DATA FOR THIS EXERCISE:
****************************************
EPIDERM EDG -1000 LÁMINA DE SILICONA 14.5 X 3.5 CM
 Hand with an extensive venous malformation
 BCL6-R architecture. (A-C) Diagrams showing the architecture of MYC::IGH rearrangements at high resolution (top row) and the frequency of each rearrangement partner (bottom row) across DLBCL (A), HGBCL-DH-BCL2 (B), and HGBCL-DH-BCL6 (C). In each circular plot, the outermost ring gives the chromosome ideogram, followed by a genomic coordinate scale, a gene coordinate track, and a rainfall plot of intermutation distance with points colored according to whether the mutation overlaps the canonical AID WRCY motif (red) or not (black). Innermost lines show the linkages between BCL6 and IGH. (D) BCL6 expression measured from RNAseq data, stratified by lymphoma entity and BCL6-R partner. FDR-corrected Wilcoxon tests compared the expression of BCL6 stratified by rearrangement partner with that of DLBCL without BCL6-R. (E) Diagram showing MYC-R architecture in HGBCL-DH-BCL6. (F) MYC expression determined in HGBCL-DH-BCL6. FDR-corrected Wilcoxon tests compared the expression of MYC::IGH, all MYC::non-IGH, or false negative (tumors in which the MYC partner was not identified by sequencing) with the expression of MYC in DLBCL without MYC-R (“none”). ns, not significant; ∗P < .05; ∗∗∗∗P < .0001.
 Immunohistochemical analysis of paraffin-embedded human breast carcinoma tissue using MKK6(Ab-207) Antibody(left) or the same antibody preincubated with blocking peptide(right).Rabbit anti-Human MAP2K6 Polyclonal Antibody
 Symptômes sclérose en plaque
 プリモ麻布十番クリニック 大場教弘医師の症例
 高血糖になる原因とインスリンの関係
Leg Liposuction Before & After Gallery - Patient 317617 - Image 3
****************************************
WHAT YOU ARE ASKED TO DO: Output only the lines from the one that contains "Immunohistochemical analysis of" through the last line of the data above, each restated exactly.

RESULT:
 Immunohistochemical analysis of paraffin-embedded human breast carcinoma tissue using MKK6(Ab-207) Antibody(left) or the same antibody preincubated with blocking peptide(right).Rabbit anti-Human MAP2K6 Polyclonal Antibody
 Symptômes sclérose en plaque
 プリモ麻布十番クリニック 大場教弘医師の症例
 高血糖になる原因とインスリンの関係
Leg Liposuction Before & After Gallery - Patient 317617 - Image 3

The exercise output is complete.